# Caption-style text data
..............................

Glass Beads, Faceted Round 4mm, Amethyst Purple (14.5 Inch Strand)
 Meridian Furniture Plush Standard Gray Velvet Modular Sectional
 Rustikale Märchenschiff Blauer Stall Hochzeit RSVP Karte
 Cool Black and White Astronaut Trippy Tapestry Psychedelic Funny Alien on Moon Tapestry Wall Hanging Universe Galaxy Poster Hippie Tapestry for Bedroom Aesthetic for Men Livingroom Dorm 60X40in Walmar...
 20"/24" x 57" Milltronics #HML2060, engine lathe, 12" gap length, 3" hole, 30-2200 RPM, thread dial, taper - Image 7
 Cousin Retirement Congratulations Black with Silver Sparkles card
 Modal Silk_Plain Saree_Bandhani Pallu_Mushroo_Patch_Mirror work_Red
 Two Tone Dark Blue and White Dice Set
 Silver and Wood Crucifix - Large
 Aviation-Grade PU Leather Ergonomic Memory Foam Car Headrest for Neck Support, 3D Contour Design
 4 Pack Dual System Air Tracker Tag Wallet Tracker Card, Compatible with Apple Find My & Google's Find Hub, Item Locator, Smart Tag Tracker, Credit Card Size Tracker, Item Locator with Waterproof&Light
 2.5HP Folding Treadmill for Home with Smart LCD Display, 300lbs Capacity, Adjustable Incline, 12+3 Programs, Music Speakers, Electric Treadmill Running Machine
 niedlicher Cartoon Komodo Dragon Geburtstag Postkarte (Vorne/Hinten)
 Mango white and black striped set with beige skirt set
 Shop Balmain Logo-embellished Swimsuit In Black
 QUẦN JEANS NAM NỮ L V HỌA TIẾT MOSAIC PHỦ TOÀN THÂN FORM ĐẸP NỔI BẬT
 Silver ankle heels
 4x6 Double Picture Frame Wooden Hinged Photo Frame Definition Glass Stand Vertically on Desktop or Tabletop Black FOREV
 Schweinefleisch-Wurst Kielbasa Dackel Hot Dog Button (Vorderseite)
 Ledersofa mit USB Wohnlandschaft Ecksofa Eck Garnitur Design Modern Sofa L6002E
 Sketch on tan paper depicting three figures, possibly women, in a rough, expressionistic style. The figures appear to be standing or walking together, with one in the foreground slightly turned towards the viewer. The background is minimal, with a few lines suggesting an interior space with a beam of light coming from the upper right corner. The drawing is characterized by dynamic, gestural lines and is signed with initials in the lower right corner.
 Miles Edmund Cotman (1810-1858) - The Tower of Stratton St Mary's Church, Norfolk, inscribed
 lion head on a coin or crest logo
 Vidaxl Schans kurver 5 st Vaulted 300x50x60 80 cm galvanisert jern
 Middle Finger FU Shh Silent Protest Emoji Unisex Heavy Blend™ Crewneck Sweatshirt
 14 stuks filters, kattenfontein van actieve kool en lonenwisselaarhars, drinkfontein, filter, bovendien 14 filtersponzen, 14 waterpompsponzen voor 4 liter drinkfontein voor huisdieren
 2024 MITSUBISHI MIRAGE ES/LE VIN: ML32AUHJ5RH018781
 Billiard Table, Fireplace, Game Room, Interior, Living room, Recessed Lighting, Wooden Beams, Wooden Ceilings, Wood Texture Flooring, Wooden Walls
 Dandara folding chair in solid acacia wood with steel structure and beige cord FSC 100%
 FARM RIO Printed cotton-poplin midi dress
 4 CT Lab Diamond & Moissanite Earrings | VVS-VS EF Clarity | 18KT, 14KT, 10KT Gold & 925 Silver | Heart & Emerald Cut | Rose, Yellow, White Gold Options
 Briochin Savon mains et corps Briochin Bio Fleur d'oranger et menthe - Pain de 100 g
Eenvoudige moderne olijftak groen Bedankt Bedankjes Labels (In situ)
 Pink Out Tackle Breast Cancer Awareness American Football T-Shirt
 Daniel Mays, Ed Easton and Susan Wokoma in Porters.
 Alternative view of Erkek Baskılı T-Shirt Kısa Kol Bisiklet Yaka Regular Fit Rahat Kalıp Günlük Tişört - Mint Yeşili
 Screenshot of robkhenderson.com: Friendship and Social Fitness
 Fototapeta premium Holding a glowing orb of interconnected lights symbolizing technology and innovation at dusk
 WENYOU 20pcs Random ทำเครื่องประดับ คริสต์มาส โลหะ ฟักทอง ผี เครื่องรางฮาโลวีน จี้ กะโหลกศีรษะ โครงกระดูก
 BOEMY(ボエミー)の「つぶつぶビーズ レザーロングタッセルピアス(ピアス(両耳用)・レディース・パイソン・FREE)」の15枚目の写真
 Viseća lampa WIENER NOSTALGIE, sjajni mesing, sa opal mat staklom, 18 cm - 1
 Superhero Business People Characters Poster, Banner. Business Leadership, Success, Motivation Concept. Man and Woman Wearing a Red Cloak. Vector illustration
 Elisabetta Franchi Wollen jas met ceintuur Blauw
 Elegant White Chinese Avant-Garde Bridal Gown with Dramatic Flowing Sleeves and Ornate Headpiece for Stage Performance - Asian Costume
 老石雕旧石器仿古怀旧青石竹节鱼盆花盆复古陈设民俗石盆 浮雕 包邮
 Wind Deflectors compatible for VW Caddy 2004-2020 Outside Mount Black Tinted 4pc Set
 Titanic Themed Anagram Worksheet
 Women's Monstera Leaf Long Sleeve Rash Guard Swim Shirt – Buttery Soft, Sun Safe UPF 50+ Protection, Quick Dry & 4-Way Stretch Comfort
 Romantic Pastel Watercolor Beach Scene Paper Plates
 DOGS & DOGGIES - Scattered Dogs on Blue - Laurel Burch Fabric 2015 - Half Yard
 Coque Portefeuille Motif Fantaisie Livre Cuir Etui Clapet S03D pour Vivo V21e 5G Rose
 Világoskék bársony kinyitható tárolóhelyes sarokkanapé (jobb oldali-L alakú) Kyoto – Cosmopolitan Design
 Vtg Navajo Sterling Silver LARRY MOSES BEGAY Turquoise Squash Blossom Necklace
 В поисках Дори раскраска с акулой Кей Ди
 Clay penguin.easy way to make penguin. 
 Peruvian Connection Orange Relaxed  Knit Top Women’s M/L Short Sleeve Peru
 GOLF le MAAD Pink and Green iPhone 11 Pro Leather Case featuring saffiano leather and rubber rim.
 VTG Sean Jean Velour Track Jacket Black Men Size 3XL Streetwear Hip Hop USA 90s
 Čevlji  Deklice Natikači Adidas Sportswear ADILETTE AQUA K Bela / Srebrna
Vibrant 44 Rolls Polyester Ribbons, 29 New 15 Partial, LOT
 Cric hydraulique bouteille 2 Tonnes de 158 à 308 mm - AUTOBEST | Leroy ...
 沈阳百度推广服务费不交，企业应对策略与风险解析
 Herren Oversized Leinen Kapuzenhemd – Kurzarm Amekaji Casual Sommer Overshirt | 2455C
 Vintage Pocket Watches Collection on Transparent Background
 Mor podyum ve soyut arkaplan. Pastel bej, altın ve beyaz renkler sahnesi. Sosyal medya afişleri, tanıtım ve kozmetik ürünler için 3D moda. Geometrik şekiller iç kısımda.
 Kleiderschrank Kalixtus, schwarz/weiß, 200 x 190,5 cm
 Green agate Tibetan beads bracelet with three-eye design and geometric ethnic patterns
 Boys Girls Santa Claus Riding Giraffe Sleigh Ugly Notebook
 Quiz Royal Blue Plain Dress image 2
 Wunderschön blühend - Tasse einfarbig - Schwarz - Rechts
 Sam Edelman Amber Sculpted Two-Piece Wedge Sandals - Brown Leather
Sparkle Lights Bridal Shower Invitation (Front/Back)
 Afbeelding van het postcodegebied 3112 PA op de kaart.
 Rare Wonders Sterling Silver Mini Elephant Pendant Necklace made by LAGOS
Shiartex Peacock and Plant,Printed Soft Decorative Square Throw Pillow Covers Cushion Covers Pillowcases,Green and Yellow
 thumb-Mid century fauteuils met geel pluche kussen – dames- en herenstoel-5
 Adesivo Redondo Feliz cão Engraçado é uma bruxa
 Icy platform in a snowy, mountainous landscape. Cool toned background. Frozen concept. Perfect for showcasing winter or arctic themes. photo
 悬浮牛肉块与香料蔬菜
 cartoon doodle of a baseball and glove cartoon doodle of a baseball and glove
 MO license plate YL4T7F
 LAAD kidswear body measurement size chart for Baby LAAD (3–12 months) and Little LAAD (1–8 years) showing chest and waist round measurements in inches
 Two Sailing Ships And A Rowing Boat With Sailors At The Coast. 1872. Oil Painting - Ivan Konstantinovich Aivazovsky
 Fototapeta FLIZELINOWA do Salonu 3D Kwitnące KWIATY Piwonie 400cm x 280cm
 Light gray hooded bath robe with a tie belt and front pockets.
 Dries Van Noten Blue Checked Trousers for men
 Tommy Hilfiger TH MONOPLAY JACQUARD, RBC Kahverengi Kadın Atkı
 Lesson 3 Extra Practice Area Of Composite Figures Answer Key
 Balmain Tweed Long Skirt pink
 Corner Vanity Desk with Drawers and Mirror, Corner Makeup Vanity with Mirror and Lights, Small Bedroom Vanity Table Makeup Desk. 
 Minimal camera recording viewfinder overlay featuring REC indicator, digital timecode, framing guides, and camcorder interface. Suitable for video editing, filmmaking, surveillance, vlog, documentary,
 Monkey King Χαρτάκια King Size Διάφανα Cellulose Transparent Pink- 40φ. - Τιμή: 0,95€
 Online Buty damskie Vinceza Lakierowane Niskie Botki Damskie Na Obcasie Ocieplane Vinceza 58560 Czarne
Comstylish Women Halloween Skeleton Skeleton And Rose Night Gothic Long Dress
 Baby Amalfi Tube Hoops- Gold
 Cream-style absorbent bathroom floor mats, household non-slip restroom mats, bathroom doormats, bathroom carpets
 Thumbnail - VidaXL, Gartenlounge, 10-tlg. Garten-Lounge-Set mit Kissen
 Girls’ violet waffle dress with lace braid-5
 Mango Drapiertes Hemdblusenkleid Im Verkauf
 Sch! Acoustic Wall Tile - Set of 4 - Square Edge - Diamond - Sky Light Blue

..............................

# Task statement
Pick out and copy the lines of the entries that hold the string "Bedroom".

# Response below
 Cool Black and White Astronaut Trippy Tapestry Psychedelic Funny Alien on Moon Tapestry Wall Hanging Universe Galaxy Poster Hippie Tapestry for Bedroom Aesthetic for Men Livingroom Dorm 60X40in Walmar...
 Corner Vanity Desk with Drawers and Mirror, Corner Makeup Vanity with Mirror and Lights, Small Bedroom Vanity Table Makeup Desk. 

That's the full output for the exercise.